嵇康的个性偏重于高洁不辱、愤激张扬的一面,其实这也是道家思想的一个成份。我们前面说过,道家始 祖中像庄子也有不少这样的举动。也许只有这样,这才是嵇康。嵇康的生命被冰冷的利刀终结,但嵇康的形象却被鲜血染得更加夺目,嵇康的思想并没有被专制的屠 刀所斩断,反而在后世的人们心中播下了种子,许多文人都效法嵇康、阮籍之猖狂。嵇康,像一株挺立青崖间的孤松,永远傲立于史册中,为历代文人所敬仰。
说是"竹林七贤",其实倒不如称之为"竹林七怪"更贴切些。嵇康的脾气不好,性格偏激,常有"非汤武薄周孔"、"以六经为芜秽,以仁义为臭腐"之类让礼教伪君子们瞠目的奇论,但说到放浪形骸的恶搞本领在竹林七贤中却是远不如二阮(阮籍、阮咸)和刘伶这三人。
阮籍还有个特点,就是会做"青白眼"。注意,不是青光眼,意思是说,阮籍如果遇到不喜欢的人,他不和你答话还不算,而且将眼一翻,只露出白眼球对着你, 阮籍这一手也不得了,给我们留下一个成语叫"青眼有加",意思就是对你特别看重。阮籍做青白眼的原则是见"礼俗之士,以白眼对之",阮籍母亲死后守丧期 间,嵇康的哥哥嵇喜去吊丧,虽然嵇喜和嵇康是兄弟,但性格不一样,阮籍不待见他,就白眼看他,看得嵇喜满身不自在,就匆匆回去了。

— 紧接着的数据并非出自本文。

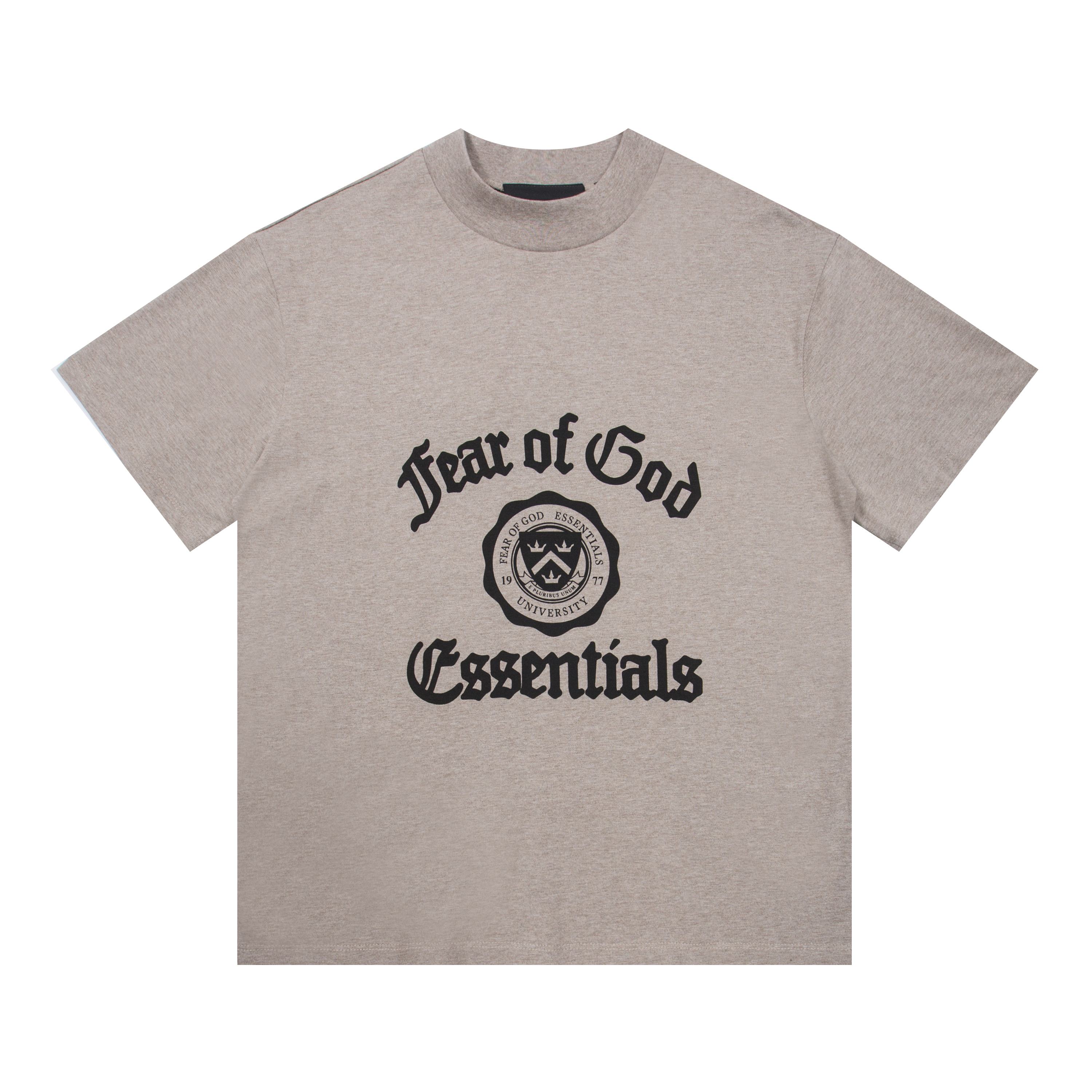 FOG FEAR OF GOD ESSENTIALS 短袖T恤服装 4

而嵇 康听说后,不像嵇喜一样拿着花圈--那时没花圏,可能是纸钱烧纸一类吧,而是挟着琴拿着美酒烧鸡去,阮籍大喜,马上黑眼珠转过来了。像阮籍这样的作为,当 时的礼教人士非议他的人也很多,"疾之若仇",有人向皇帝提议要治他的罪,至少将他发配到偏远之地,以免损害所谓"礼俗",但司马昭很袒护他。说来阮籍的 狂放之举比之嵇康的更加厉害,不过阮籍有个特点,虽然狂放,但并不针对某个人,《晋书》云:"籍虽不拘礼教,然发言玄远,口不臧否人物",有句话叫"宁说 玄话,不说闲话",所谓玄话,就是不着边际的话,比如你可以骂布什也可以骂萨达姆,但如果你骂老板,那后果可就不大一样。阮籍"发言玄远,口不臧否人 物",意思就是虽然他说的话惊世骇俗,但是却不对身边的人物加以评论,因此他没有像嵇康得罪钟会那样树起明显的仇人。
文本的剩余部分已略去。